First, a quick description of what Subversion is: Subversion is a revision control software that allows multiple people to check out and make changes to documents from a central repository. For convenient use, it requires the centralized server to be always running and for users to have network access.

The problems I face deal mostly with the centralized aspect, really. First, I'm running a Linux server at home that is not always available (sometimes I boot it into Windows to get some video conversion/media editing done). Second, I am collaborating on several projects at once which means I have to access several repositories, some of which are not under my control - everything in Subversion hinges on the a single server that contains the repository.

Requirements

So ideally, I'd like the revision control software to be:

  • Free And Open Source - 'nuff said
  • Cross-Platform - where Platforms = {Windows, Linux, MacOS }
  • Fast & Efficient - for all operations (renames, branching, commits, etc)
  • Accessible - Means the ability to easily browse the repository (including older versions) and do diffs. It would be nicer if one could do this without having to download the whole repository too (i.e. via a web client like WebSVN.
  • Secure - Means that the repository should password-protected and transactions must be encrypted
  • Ability to Lock Down - Means the ability on a per directory (or even per-file basis) and per user basis to set permissions: Read-Write, Read-Only, or None (not even visible to that user). Some projects I'd like to collaborate on, some I'd like to share, but some are strictly private (like financial information).
  • Decentralized - If one machine goes down all other users/machines can still continue working and checking in. This inherently means that all users/machines get a full copy of the repository, but I'm ok with that.
  • Available Offline - I ride the train a few times a week now, so I need to be able to work offline. This rules out things like Google Docs or similar simple facilities.
  • Ability to Backup - The problem with SVN is all those .svn directories, one per folder. If I want to do a backup, I have to strip those out, which is a pain and time-consuming. I'd like the ability to just copy the whole repository to some media for archiving.
  • Ability to Purge - All repositories eventually become large in size because they maintain the history of every single file since the beginning of the repository. I'm going on three years now and I really haven't ever had a need to go back more than a couple months to look at a version of a file. I think a purging mechanism would be nice to keep the repositories relatively low in space. Of course the first time I need to go back to an old version that's no longer available, I'll probably end up cursing this idea and yelling "Khaaaan!" like William Shatner.

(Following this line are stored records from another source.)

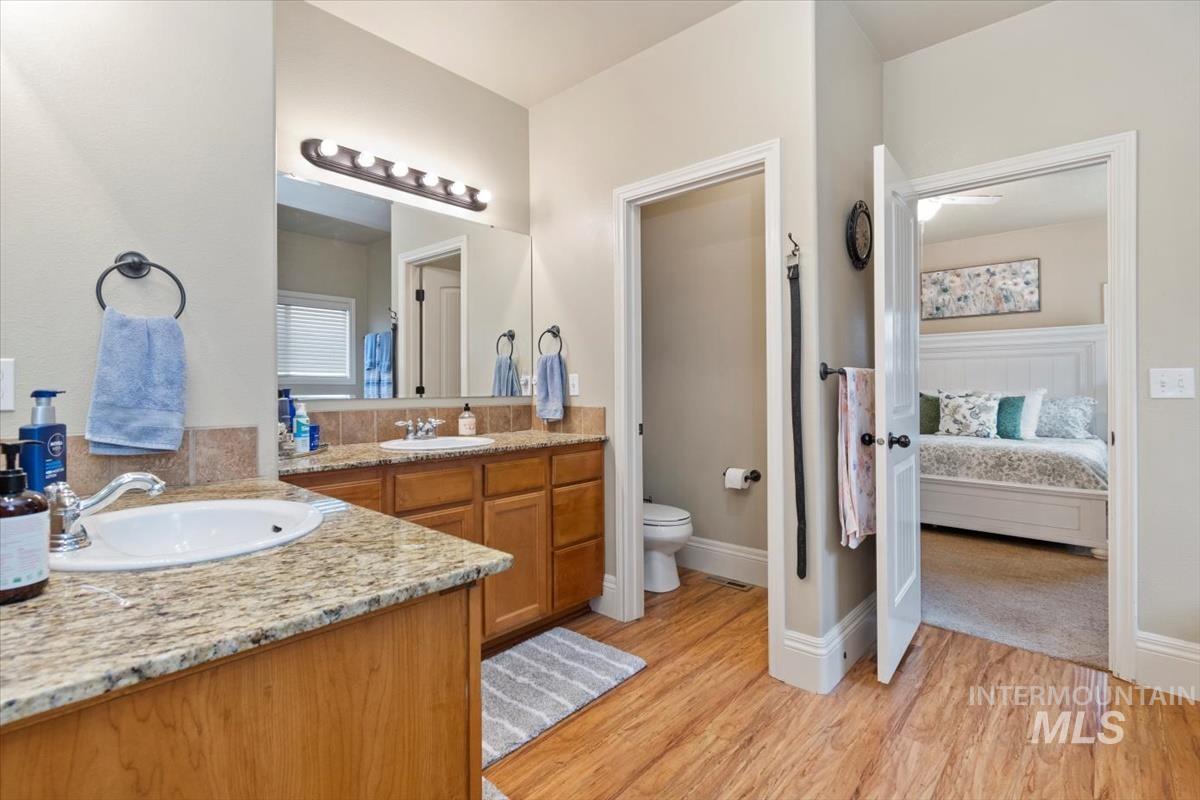Full bathroom featuring vanity, light wood-style floors, and connected bathroom
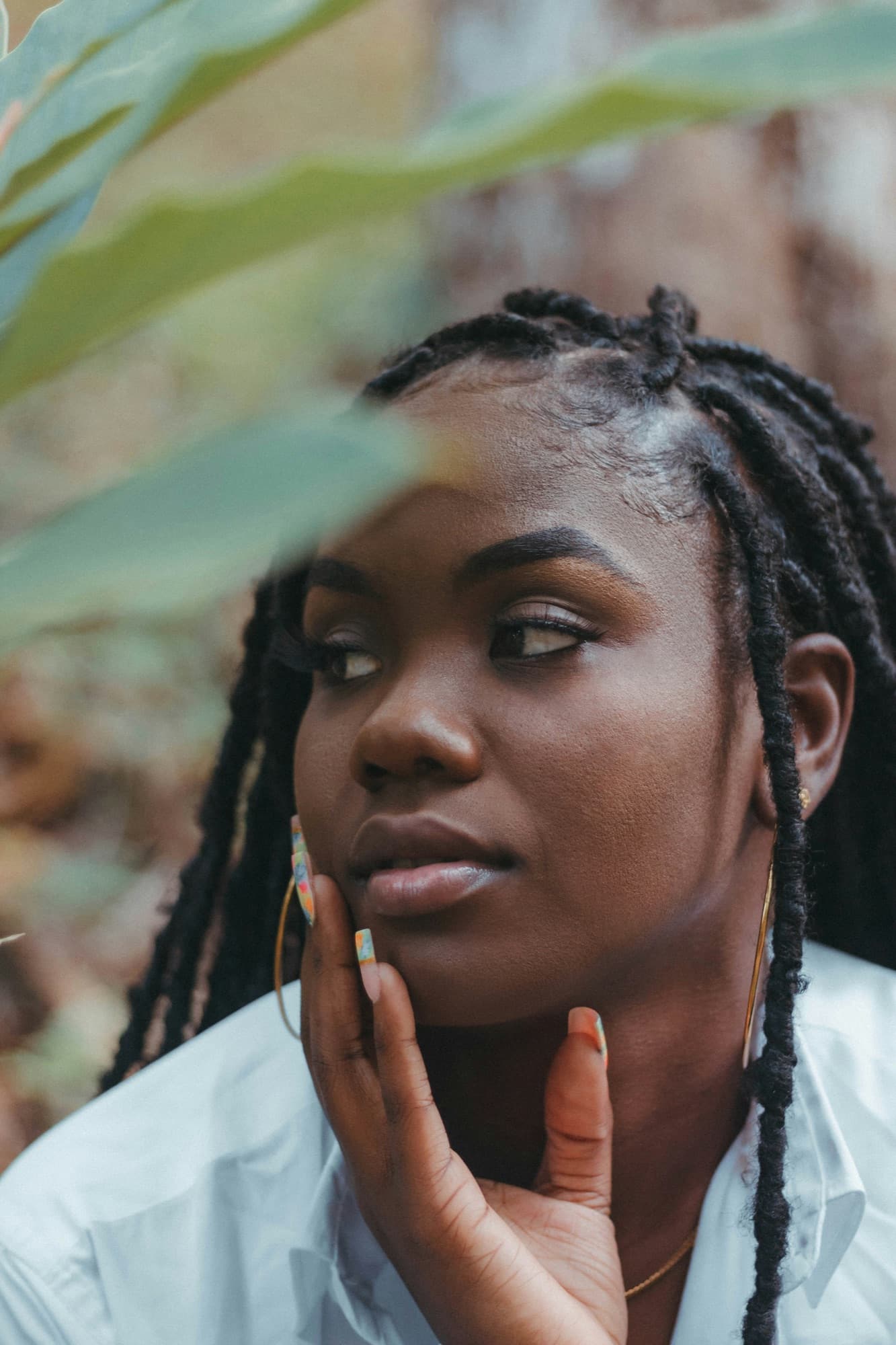 Woman with locs and painted nails, her hand on her cheek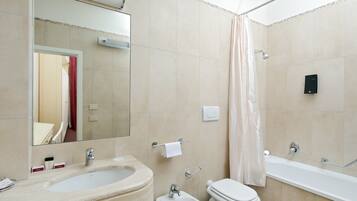 Un baño con lavamanos, bidé, inodoro y bañera.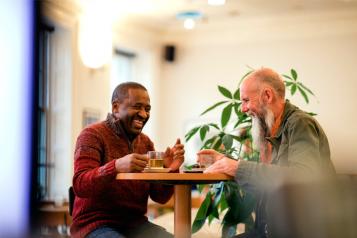 Two men laughing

So actually Subversion comes close to my requirements, but fails on the decentralized thing. Git is sounding better. I may have to give it a shot one day as their tools mature.

Does anybody have any experience with organizing things like code, documents and photos with a version control system? Any recommended software?

§405 · November 8, 2007 · Questions, Software, Technology · · [Print]

Leave a Comment to “Ideal Life Sort”

  1. D. Moonfire says:

    I haven’t used Git personally, but I’ve pretty much fallen into the Subversion camp because of features SVN does have. I will admit, I don’t have the backup problem with SVN that you have, mainly I just use “svn export” in a temp directory and then tarball that.

    I don’t know if Git supports it, but I use the properties of SVN pretty heavily. For CuteGod, I set a property on the file for the creator, the url I got it, and the license I can use with it. Then I have a little program that goes through and creates the credits and background music files from those properties. Yeah, its a bit overkilled, but I like having it there. I also use properties for photographs, mainly so I can pull it out and group them as appropriate, I use taxonomies rather heavily in my work.

    Speaking of locking things down, I’ve never had a problem with that. The advantage of being able to use Apache lets you use the full username/password and allow/deny system to enable or disable use. We used it here with a couple of our code-on-demand programmers. I also like being able to run scripts on commits, we have a few processes that IM people when certain files are checked in, send out emails to anyone listening, or add an entry into Bugzilla for updates.

    The distributed bit is probably the hard one. I used ‘darcs’ but I ended up not liking it. Bazar looked interesting, but never really got into it either. Fortunately, for me (and my company), distributed never really came into play.

    It will be interesting to see what you end up using, though. I full admit my system of choice (Subversion) isn’t for everyone but I’m also interested in seeing what others pick.

  2. tabrez says:

    There is no versioning, tagging etc with cvs or subversion without a valid connection to the repository/server. Git and Bazaar score heavily over them if you want the team members to work independently for long periods of time still be able to do versioning. There are many other strengths of git and bazaar but I find this especially attractive.